Moreover, the CE-MRI group did not have significant changes in their behavioral and physiological parameters, and the use of a contrast agent did not result in significant impairment in liver or kidney function compared with the MRI and sham groups, indicating that repeated MRI or CE-MRI showed good animal welfare in pBDL models. There is a general agreement among researchers that the number of experimental animals and their pain should be minimized. However, longitudinal studies are known to induce a higher burden on a single animal for a longer period17. Especially, echo planar imaging sequences, such as IVIM, DCE, and MRCP, which require fast switching rates and high gradient amplitudes, can lead to greater peripheral nerve stimulation and tissue heating than other sequences. To obtain sufficient spatial and temporal resolutions, MRI also requires a longer scan time and contrast agent injection18, causing additional impairments. In the ANES group, no behavioral, physiological, or biochemical changes were observed, indicating that repeated general anesthesia with proper concentration does not lead to these impairments in mice. Comparable findings have been reported for the impact on physiological changes after inhalational general anesthesia19, but that after intraperitoneal general anesthesia in mice had not been described yet. These encouraging results for the repeated MRI protocol are in line with the results in the mice in the pBDL groups. These results also corroborate the findings of a few previous works that showed no effects of MRI on behavior or locomotion in rats and mice20,21. But the molecular changes of intravenous anesthetics didn’t be investigated in our study. It might be noted based on the previous study which showed that ketamine had several effects on the immune system, for example, attenuation of natural killer cell activity or enhancing hypoxia-inducible factors21. Lastly, it is noteworthy that no changes in the analytical parameters were observed in the CE-MRI group with contrast-enhanced imaging. Taken together, all the results demonstrated that repeated contrast-enhanced MRI examination was well tolerated in pBDL mice. In future investigations, these findings gave us the foundation and have encouraged us to raise intriguing questions regarding the application of molecular MRI technologies in the pBDL model.

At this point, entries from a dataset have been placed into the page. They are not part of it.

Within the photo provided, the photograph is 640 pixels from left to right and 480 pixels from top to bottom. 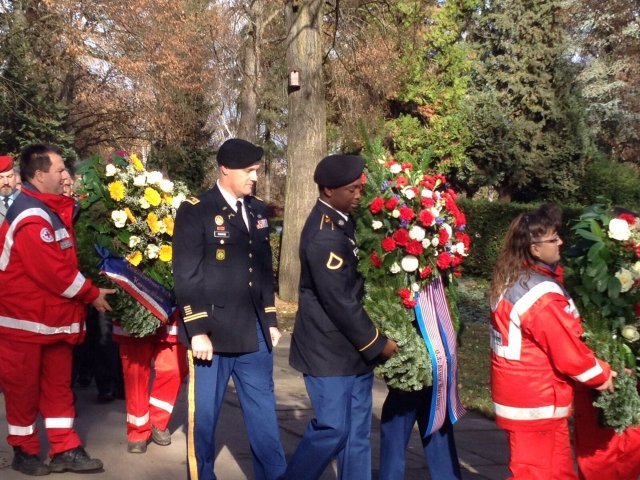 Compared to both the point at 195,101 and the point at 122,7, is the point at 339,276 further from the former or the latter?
the point at 195,101

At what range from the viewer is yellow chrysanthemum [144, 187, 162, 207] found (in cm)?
656

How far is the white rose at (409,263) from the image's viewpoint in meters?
4.96

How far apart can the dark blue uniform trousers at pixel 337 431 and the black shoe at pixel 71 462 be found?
5.33 ft

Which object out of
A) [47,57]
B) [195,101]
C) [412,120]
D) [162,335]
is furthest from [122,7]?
[162,335]

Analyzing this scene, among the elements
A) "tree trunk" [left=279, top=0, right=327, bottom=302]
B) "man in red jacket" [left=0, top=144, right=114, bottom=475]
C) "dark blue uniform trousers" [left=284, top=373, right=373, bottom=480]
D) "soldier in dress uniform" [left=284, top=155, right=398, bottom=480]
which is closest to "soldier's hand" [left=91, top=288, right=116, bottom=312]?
"man in red jacket" [left=0, top=144, right=114, bottom=475]

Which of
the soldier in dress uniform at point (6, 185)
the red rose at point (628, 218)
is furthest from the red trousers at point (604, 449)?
the soldier in dress uniform at point (6, 185)

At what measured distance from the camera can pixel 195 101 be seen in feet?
117

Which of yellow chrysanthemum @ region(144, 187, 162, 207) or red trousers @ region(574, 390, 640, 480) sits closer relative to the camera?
red trousers @ region(574, 390, 640, 480)

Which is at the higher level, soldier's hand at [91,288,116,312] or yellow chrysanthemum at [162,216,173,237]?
yellow chrysanthemum at [162,216,173,237]

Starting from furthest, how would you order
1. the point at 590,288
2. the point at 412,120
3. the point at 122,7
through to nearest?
1. the point at 412,120
2. the point at 122,7
3. the point at 590,288

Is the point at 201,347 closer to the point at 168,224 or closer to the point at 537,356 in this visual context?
the point at 537,356

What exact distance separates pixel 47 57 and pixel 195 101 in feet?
28.3

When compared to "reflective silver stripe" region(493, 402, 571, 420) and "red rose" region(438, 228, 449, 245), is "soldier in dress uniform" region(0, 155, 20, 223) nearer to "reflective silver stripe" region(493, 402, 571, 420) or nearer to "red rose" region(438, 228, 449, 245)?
"red rose" region(438, 228, 449, 245)

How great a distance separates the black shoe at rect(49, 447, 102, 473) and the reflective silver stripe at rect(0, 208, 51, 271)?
125 centimetres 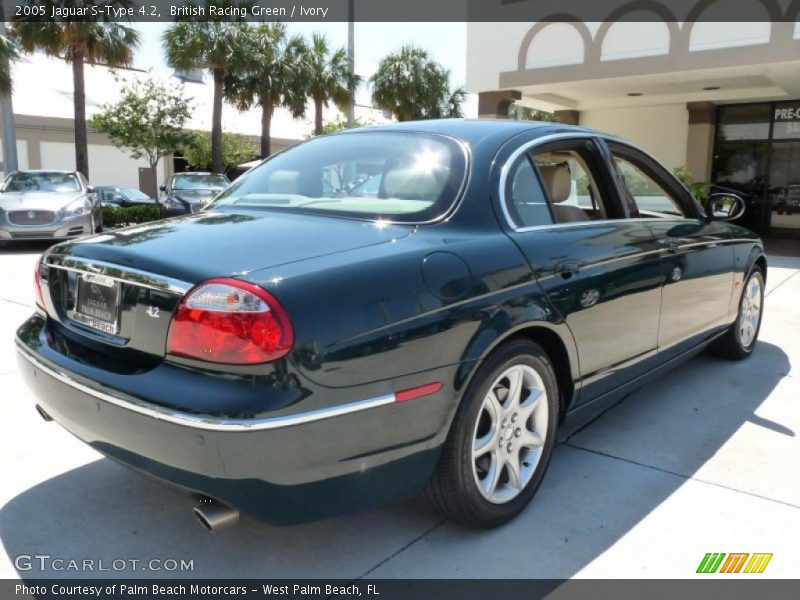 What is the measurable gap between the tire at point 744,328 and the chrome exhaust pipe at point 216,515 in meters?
3.93

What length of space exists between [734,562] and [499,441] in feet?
3.14

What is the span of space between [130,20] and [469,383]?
65.9ft

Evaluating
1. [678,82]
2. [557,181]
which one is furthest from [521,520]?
[678,82]

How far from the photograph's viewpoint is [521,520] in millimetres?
2766

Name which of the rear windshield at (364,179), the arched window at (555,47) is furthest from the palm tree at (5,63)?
the rear windshield at (364,179)

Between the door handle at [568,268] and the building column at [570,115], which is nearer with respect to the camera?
the door handle at [568,268]

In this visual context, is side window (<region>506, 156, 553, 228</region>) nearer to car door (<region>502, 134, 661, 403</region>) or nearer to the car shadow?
car door (<region>502, 134, 661, 403</region>)

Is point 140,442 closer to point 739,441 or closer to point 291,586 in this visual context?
point 291,586

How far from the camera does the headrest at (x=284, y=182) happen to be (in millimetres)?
3107

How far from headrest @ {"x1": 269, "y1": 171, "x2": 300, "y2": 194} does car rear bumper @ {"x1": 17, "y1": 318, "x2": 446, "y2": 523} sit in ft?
4.04

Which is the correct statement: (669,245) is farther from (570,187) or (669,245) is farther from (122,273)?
(122,273)

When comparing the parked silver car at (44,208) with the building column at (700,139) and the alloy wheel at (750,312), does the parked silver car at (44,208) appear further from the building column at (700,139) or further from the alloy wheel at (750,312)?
the building column at (700,139)

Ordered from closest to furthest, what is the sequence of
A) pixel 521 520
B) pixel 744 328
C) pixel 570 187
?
pixel 521 520 < pixel 570 187 < pixel 744 328

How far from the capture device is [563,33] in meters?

For fibrotic progression, inflammation has a critical role in the pathological process of liver fibrosis. Inflammatory cells are often recruited to the injured liver and act as initial responders to activate the signal pathway of fibrosis22,23,24. In our study, the level of the inflammatory cells at week 6 after pBDL remained high, which meant that injury-induced inflammation still existed and would continue to facilitate the progression of fibrosis25. Moreover, the level of inflammatory cells in the CE-MRI group was similar to those in the pBDL group, indicating that repeated MRI did not promote inflammation. Unlike the tissue samples in the BDL model, which may lead to liver necrosis but not form specific cholestatic liver tissue, the tissues in the pBDL model could form stable and homogeneous collagenous fibers, which are not affected by repeated MRI use.

There is a limitation in our study. Liver cirrhosis, a typical feature of chronic cholestasis, was not observed in the mice26. A possible explanation for these results may be the lack of an adequate observational period. Future studies on the current topic are therefore recommended.

In conclusion, we systematically investigated the potential long-term impairments of repeated MRI in pBDL models Based on our findings, we believe that pBDL is a reproducible model in scientific research. Furthermore, MRI, as a safe tool with many advantages on animal welfare for longitudinal evaluation, is well tolerated in mice with cholestasis. Therefore, the use of the pBDL model combined with repeated MRI has merit in the research of cholestatic fibrosis.